Supporting Multiple Package Versions (pkg, pkgXY, pkgXZ)

Stephen John Smoogen smooge at gmail.com
Tue May 11 23:48:25 UTC 2010


On Tue, May 11, 2010 at 4:44 PM, Rahul Sundaram <metherid at gmail.com> wrote:
> On 05/12/2010 04:00 AM, BJ Dierkes wrote:
>> Granted, postgresql84 is likely a one-off for Redhat because they and Fedora Infrastructure use PgSQL.  However on this same note, the IUS Community Project [1] has the same exact process for 'replacing' RHEL packages with updated counterparts (i.e. php replaced by php52, php53, etc).  Being the primary maintainer of IUS, my question has to do with the fact that IUS relies on EPEL and is meant to compliment both RHEL and EPEL with optional upgrades for packages that are locked (incompatible upgrade paths) on a branch and can't update.  The last thing I want is to maintain a package in IUS, that would be accepted and benefit EPEL.   Seeing as RHEL allows the practice of Conflict/Replace ... is this a policy that EPEL would also embrace?  Or is it something we want to strictly avoid as, with anything, it has the potential to complicate things.
>>
>
> IMO,  I think it is time for EPEL to merge with IUS.  We should strive
> to create parallel installable packages as much as possible but if there
> is a explicit package conflict and NOT a silent obsolete, then it should
> be allowed.  I would avoid integrating apps that build on such conflict
> infrastructure packages however.

Ok having dealt with several ugly packages.. I have to agree that
parallel installed packages is the way to go for most webapps.
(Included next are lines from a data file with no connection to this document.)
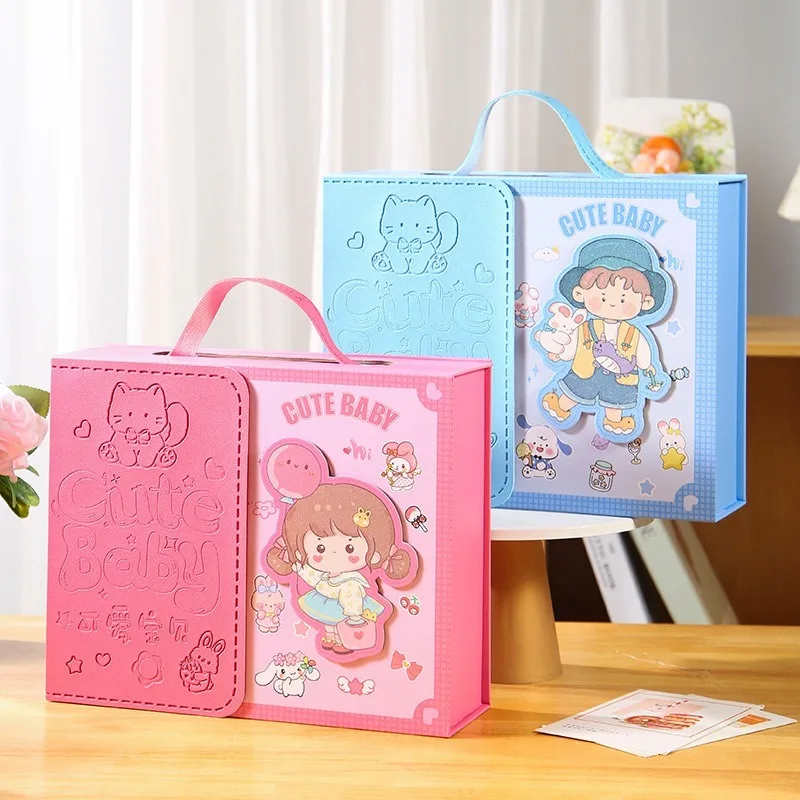 

Cartoon Children's One Year Gifts Boxes Souvenir Gift Birthday Empty Snack Gift Box Multiple Sizes Pink Blue Square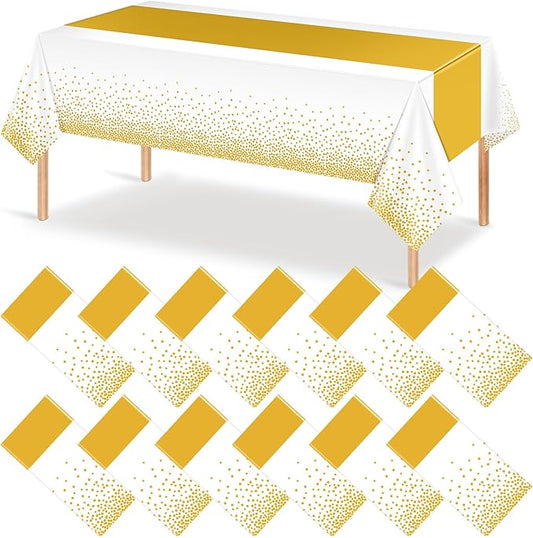 12Pcs White and Gold Tablecloth Party Decorations,Plastic White Table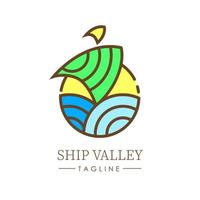 ship valley bosatt logotyp design vektor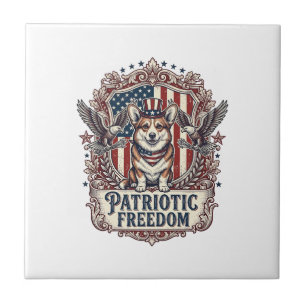 Patriottische Corgi Vector Grafische T-shirt_1 Tegeltje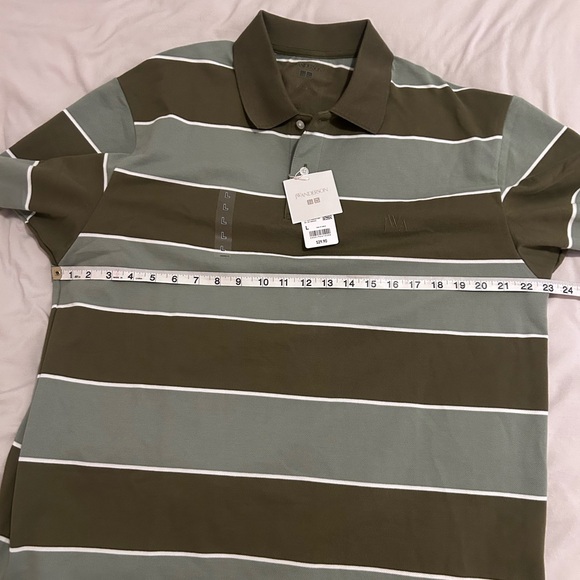 JW ANDERSON Olive and Sage Striped Polo Shirt - Picture 6 of 6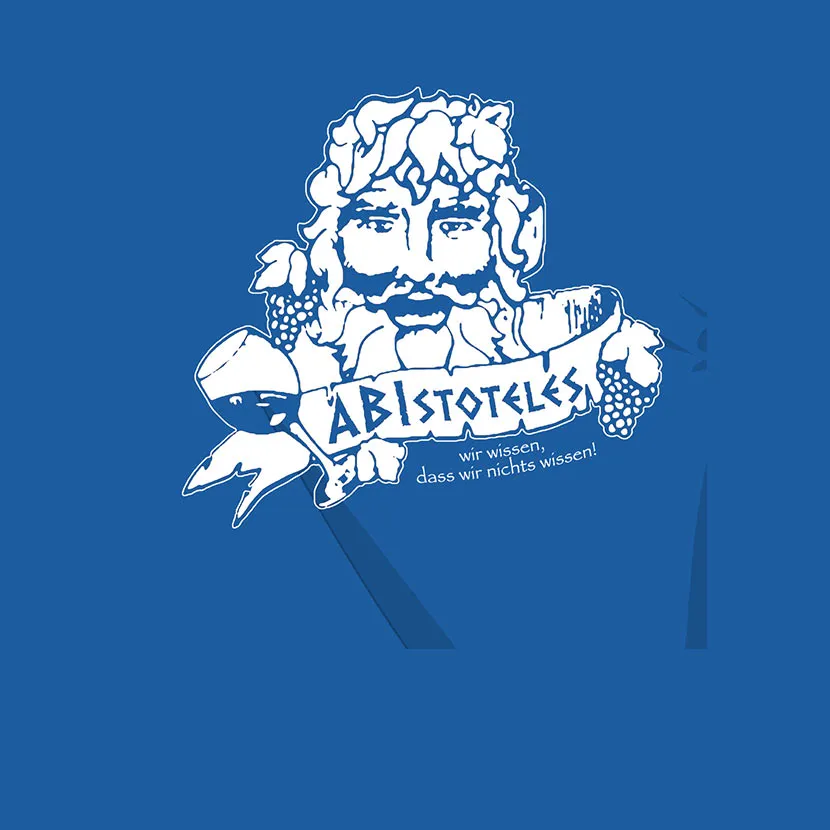 Aristoteles_Grafik_Blau Abistoteles wir wissen dass wir nichts wissen design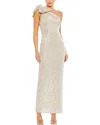 Mac Duggal Bow Sequin One-shoulder Column Gown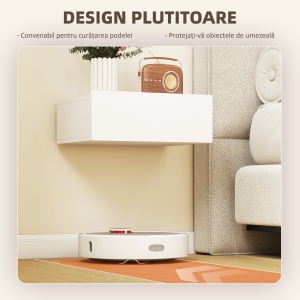 Set de 2 Noptiere Suspendate pentru Dormitor cu Sertar, 40x30x15 cm, Alb - Img 4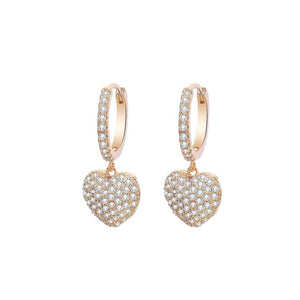 Luxury CZ Heart Earrings for Women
The
issues I see will be dealing with getting them through the Fedora
packaging reviews AND their Fedora upstream maintainers. Both who have
an interest in not having this happen as it duplicates work and makes
their lives hard in some ways.

I am not 'against' this proposal, I just think we will need to flesh
out a lot more on this and need to get input from various places on
how to better do this.


-- 
Stephen J Smoogen.
“The core skill of innovators is error recovery, not failure avoidance.”
Randy Nelson, President of Pixar University.
"We have a strategic plan. It's called doing things.""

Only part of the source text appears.